Third Lanark won the match 3–0. Due to the poor conditions and the unplayable nature of the pitch through snow, the match was ordered to be replayed the following week on 9 February 1889, where Third Lanark won again with a 2–1 victory.
The match was Third Lanark's first Scottish Cup and in Celtic's inaugural season it was their first appearance in the Scottish Cup final.
Road to the final
Third Lanark had a bye in the first round and did not enter the competition until round two. Both teams had to replay games en route to the final.
This was Celtic's first season in the Scottish Cup and indeed football, so making it to the final was quite an achievement. Their debut was a spectacular 5–1 win against Shettleston with John O'Connor scoring all five goals. Celtic eased through subsequent rounds with ease until they met Clyde in round five. Clyde won the match 1–0, but Celtic appealed the match as unplayable. Clyde had started the game in illegal footwear and by the time they changed into legal footwear, the match started late and it finished in darkness. Celtic appealed for the match to be replayed and as it was deemed unplayable by the end, the appeal went in Celtic's favour. On the replay Celtic easily routed Clyde, beating them 9–2 at Parkhead. Subsequently, Clyde appealed against the decision to replay the game, but were overruled and Celtic went through.

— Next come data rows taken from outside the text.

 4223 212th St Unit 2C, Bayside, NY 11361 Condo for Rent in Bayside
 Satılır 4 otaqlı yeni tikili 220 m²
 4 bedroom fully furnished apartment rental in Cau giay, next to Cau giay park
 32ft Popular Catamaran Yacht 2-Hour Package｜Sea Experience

Third Lanark had an even more prolonged route to the final with the matches against Queens Park and Abercorn having to be replayed following appeals. The Abercorn match went to a third replay before Third Lanark finally went through.
Typical of football at the time, there were several high-scoring games, with Celtic scoring 36 goals and Third Lanark 41 goals en route to the final.

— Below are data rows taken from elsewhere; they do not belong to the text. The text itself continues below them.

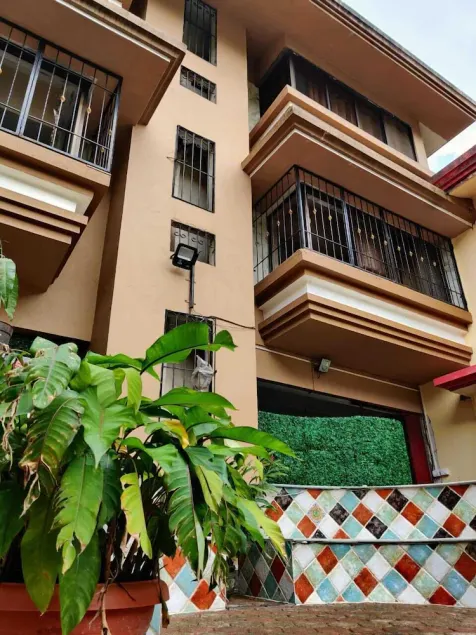 Cozy Hill-touch villa with Lounge Pool. Quiet neighbourhood. Quick trek to lake - Image 1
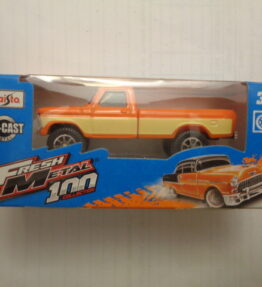 Maisto - Fresh Metal 100 Collection - 1977 FORD F-150 PICK UP - Cream orange pick up ruck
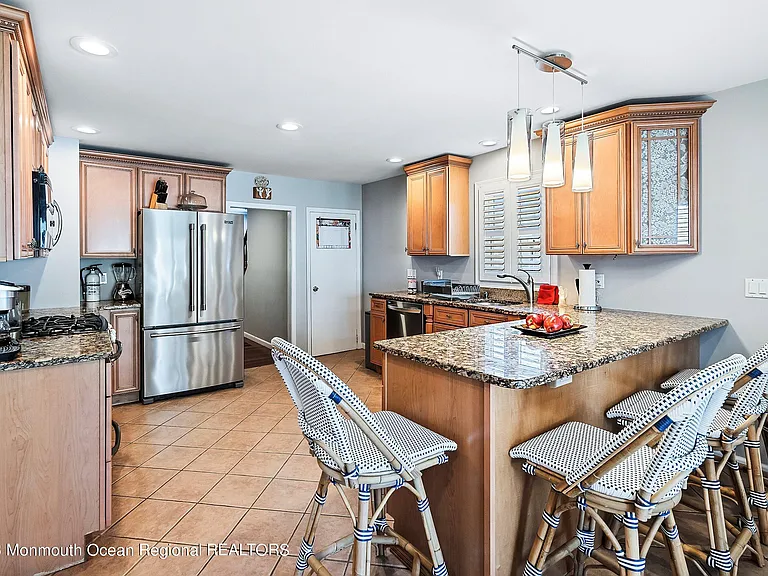 510 Garfield Ave — Photo 12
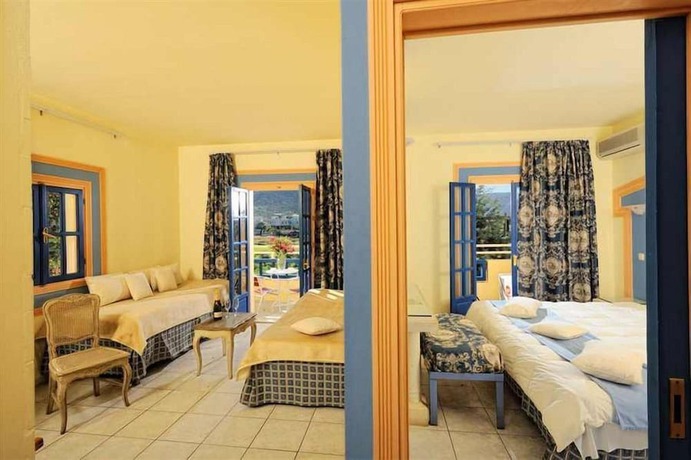 Imagen de la habitación del Aparthotel Parthenis and Suites. Foto 15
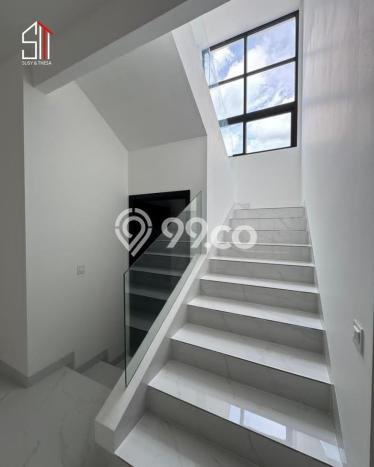 Dijual Rumah Mewah Elegan Dengan View Eksklusif di BSD City, Tangerang Dijual Rumah Mewah Elegan Dengan View Eksklusif di BSD City, Tangerang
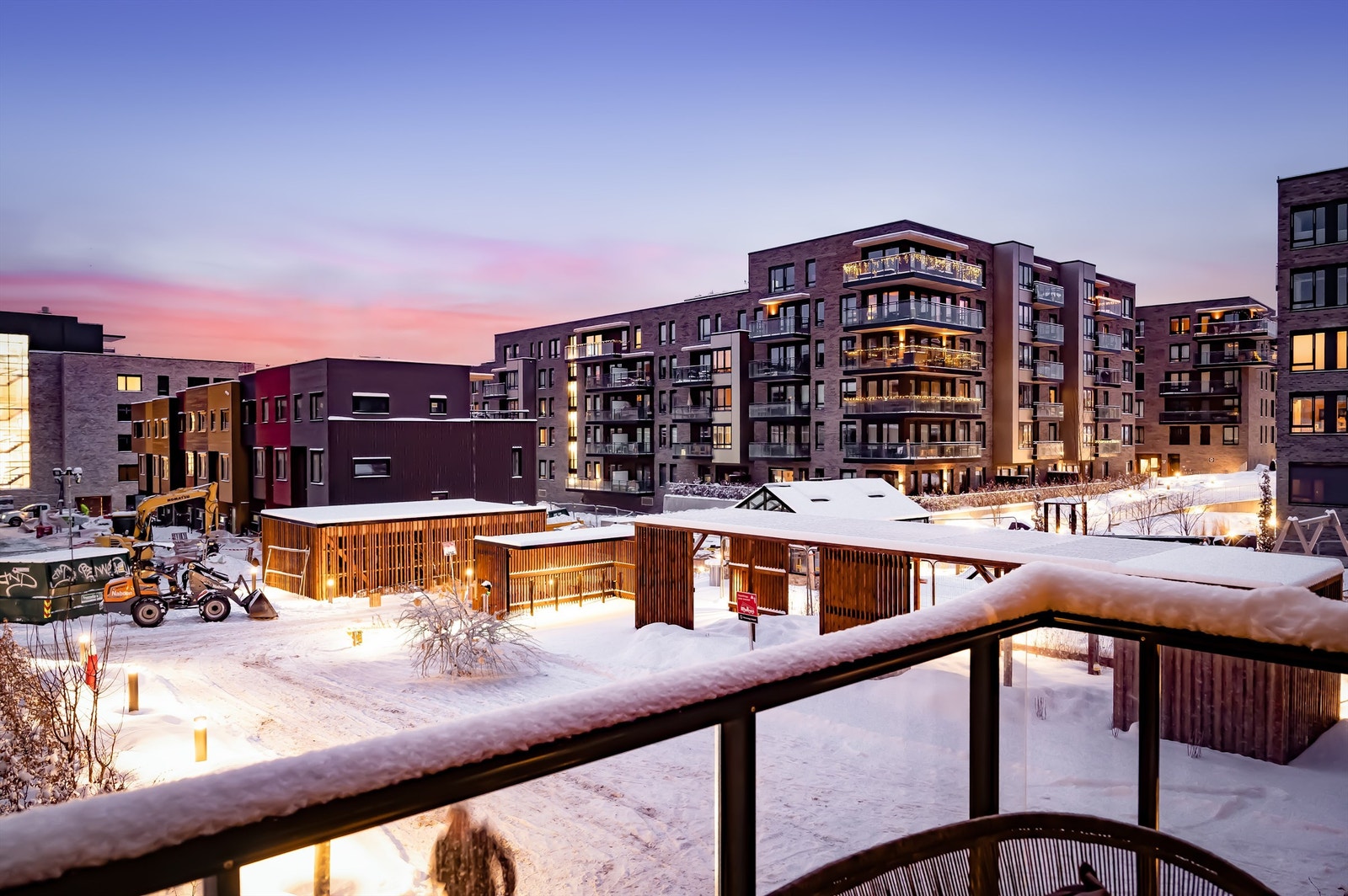 Fra balkongen er det blant annet utsyn mot det som skal bli en frodig, felles bakgård Galleribilde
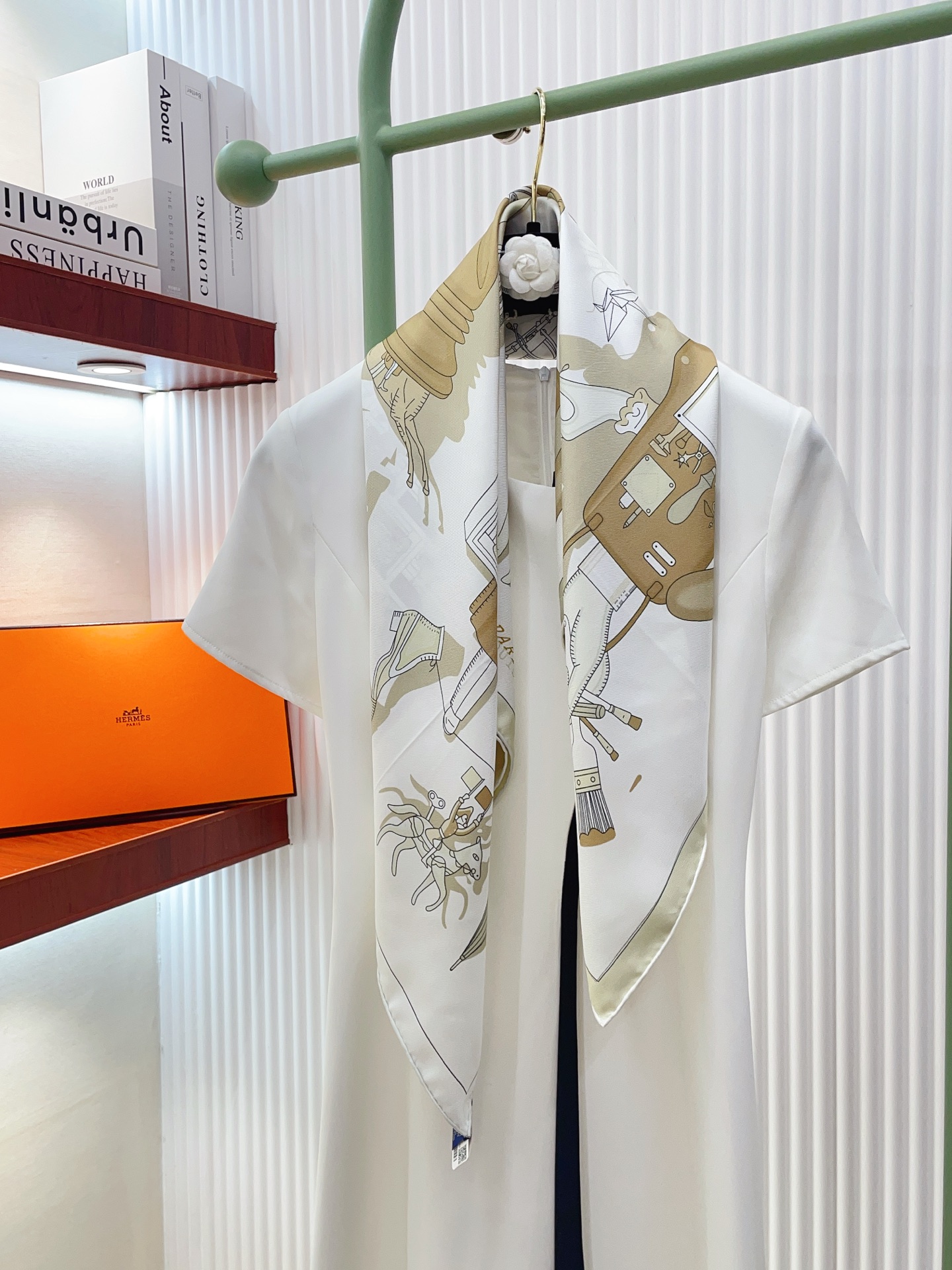 ✨✨【18姆米 双面同色】H**S真丝新款🆕👏👏买了都说好看‼️推荐💕【精巧错觉 90】真丝方巾，顶级工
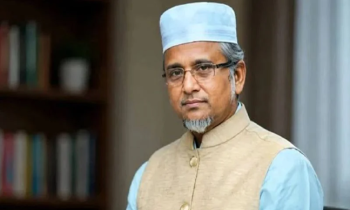 গাজী নজরুল ও প্রথম স্ত্রীকে গ্রেপ্তার দেখাল পুলিশ গাজী নজরুল ও প্রথম স্ত্রীকে গ্রেপ্তার দেখাল পুলিশ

|Home team||Score||Away team||Celtic scorer(s)||Home team||Score||Away team||Third Lanark scorer(s)|
|Celtic||5–1||Shettleston||O'Connor||Round One||Bye to the second round|
|Round Two||Kelvinside Athletic||0–8||Third Lanark||unknown|
|Round Three||Third Lanark||2–1||Queens Park||unknown|
|Round Four||Third Lanark||7–1||Hurlford||unknown|
|Clyde||1–0||Celtic||Round Five||Third Lanark||5–4||Abercorn||unknown|
|Celtic||9–2||Clyde||T Maley 6' 27'
|2nd Replay||Abercorn||2–2||Third Lanark||unknown|
|3rd Replay||Abercorn||1–3||Third Lanark||unknown|
|East Stirlingshire||1–2||Celtic||McCallum||Round Six||Third Lanark||6–1||Campsie||unknown|
Snow showers and strong winds had affected Glasgow on 2 February 1889. Around 11 am the officials decided that although there was a light covering of snow, the ground was playable. However, further heavy snow showers continued into the afternoon and by the time kick-off came, the pitch was ankle deep. It was decided that the match should be played, but both teams played under protest and agreed that, as the pitch was unplayable, the match would be treated as a friendly. The players threw snowballs at each other as they ran onto the pitch.
With the wind at their backs, Celtic made most of the early pressure, but despite that went a goal down on the 20th minute after Johnstone centred to Marshall to give Third Lanark the lead. In the second half Third Lanark had most of the pressure and went 2–0 up after Celtic goalkeeper Kelly dropped the snow-covered ball to let John Oswald score. Third Lanark continued to dominate the match and Hannah wrapped the game up for them with a third goal a minute from time.
The match attendance of 18,000 was a record for Scottish football at the time.
- Both teams unchanged for replay.
Two days later, on 4 February 1889, a special meeting of the Scottish Football Association was held to discuss the match. Both teams claimed that prior to the match they had agreed that because of the poor playing conditions it would be played as a friendly. Although a signed document was produced to show that the teams had agreed to play the match as a friendly, it was challenged by some members. Airdrieonians representative Mr Reid moved that the agreement should not be recognised and the result should stand. The referee, Charles Campbell, and his umpires were then questioned and stated that the ground had been unplayable. Following this admission it was unanimously agreed that the tie be replayed the following Saturday.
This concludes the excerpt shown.